Managing People and Expectations

Clearly, managing people is the single most challenging part of managing projects, if not managing life in general. This article delves into how to do it well.

I once decided not to manage anyone anymore. Super intelligent and capable people were irrational and acted like babies or teenagers. Some people were nice, but not as competent as I wanted them to be. Others were very competent but had no people skills or were lazy. Few could handle criticism.

My favorites were the highly competent, easy to work with, self-aware and self-managing ones. Give them a direction or goal and they just get it done, while keeping everyone informed and using best practices. No drama. Adaptability. Flexibility. Motivated by quality and service. People oriented. Emotionally intelligent.

Related Article: Managing A Virtual Project Team

What I learned in the years since then is that:

  • You can’t really get away from having to manage unless you go and live in a cave and meditate all the time.
  • We are all on a continuum regarding intelligence, motivation, skill, relationships, emotional maturity, and self-awareness.
  • The effective manager works across the spectrum, adapting to the needs of each person, accepting imperfection while promoting optimal performance, and recognizing when individual weaknesses or misdirection warrant intervention and dismissal.
  • Managing is a wonderful opportunity to practice being mindfully aware, patience and selfless service.

There is a blending of analytical objectivity, like Vulcan side of Mr.Spock, and a heartfelt understanding of other people and their nature, wants and needs.

Managing

Let’s define terms. What do we mean by managing? To manage, according to a few dictionaries, is to: 

  • control dominate, influence, handle, govern, be in charge
  • succeed in the face of challenges
  • take charge or care for and make decisions for
  • direct a professional career.

Everyone manages something. Individuals manage themselves while project managers manage projects and CEO s manage organizations.

On the surface management is pretty clear – take charge and get it done. However, in practice, issues arise around how much control, domination, caretaking and decision-making one should do and how best to do it. Egos are involved. The complexities and uncertainties that come with relationships with other people require artful management.

Managing Well

Managing adds value, though, remember, it is not direct performance. Direct performance is what results in useful outcomes. Managing is an enabler that improves direct performance and the probability of success.

For example, a manager will create an environment in which performers have all they need to do a great job and are minimally weighted down with administrative and management chores.

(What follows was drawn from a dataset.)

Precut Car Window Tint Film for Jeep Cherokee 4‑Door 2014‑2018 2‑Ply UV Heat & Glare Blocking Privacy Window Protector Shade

The effective manager tries to put himself out of a job by setting up a process by which a person, team or organization can manage itself. The process promotes the definition of clear, rational expectations – product and performance objectives and clear roles and responsibilities. The process ensures that acceptance criteria are known and accepted. Status reporting is regular and accurate, reflecting current effort against a plan. Issues, risks, and their resolution are tracked. Transparency is valued.

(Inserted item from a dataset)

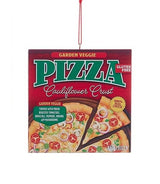 Ornament shaped like a frozen pizza box. One ornament looks like a Supreme pizza with a classic crust. One ornament looks like a Pepperoni pizza with a classic crust. One ornament looks like a Cheese pizza with a classic crust. One ornament looks like a gluten free Garden Veggie pizza with a cauliflower crust.
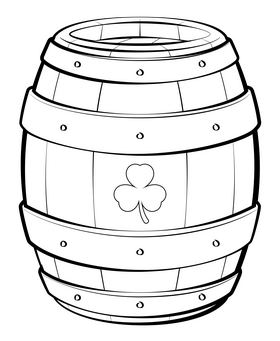 Beer barrel, keg, irish beer, st patricks day drawing black and white clipart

The process identifies the flaws. No one has to point fingers; the facts say it all. Task X is late and over budget, it has been in that state for weeks and keeps getting delayed. The responsible party, seeing his own performance reflected in the numbers, can raise the red flag himself and ask for help. The manager the issue is addressed.

Accountability and Criticism

Accountability is a key factor. Management process makes sure that individuals are accountable for their work and behavior. Most people don’t mind that when their work and behavior are positive or when referring to someone else.

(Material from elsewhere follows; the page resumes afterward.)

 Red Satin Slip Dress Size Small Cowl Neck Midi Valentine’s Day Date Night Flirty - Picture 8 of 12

Unfortunately, accepting criticism with the deep understanding that it is through criticism that one can improve is not as prevalent as it could be. Many people are defensive, fearful of being disciplined, and as unskilled at giving as taking negative criticism. People are often afraid to speak up.

The effective manager makes it clear to the people who report to him/her that they are all peers with different roles to play. He promotes critical feedback and expects it to be offered constructively. He expects people to request help when they need it and to speak their mind.

The effective manager also accepts that while all these best practices are great, they are not always perfectly executed. Imperfection is a fact of life. As managers, we must be ready to adjust mindfully to any condition, any set of relationships.

Expectations, Kindness, and Clarity

With accountability comes the challenge of handling people who do not meet expectations. The following questions are meant as a starting point for ensuring that you are mindful while managing your team and yourself.

In teams, whether you are a manager or not, you have expectations regarding another person’s performance, personality, appearance, relationship and communication skills. What are your expectations based on? Is it wishful thinking, perfectionism or a professional standard?

Does the other person know what your expectations are? Are they reasonable and likely to be met.? What will you do if they are not met? Does the other person know that? How will his knowing it effect his performance?

Do you play favorites? What happens when someone you like is having a hard time getting his work done? What happens when you don’t like someone who is having a hard time? How do you differentiate between a novice and a senior worker who lack skill and need support?

Are you happy to help? How does it feel when you have to fix up someone else’s work, without taking credit for it?

The degree that you can support people you don’t like is a measure of your maturity.

Does the desire to get ahead by showing others up drive behavior and the ability to help others perform? Do you get some pleasure out of pointing out faults? Do you acknowledge the positive?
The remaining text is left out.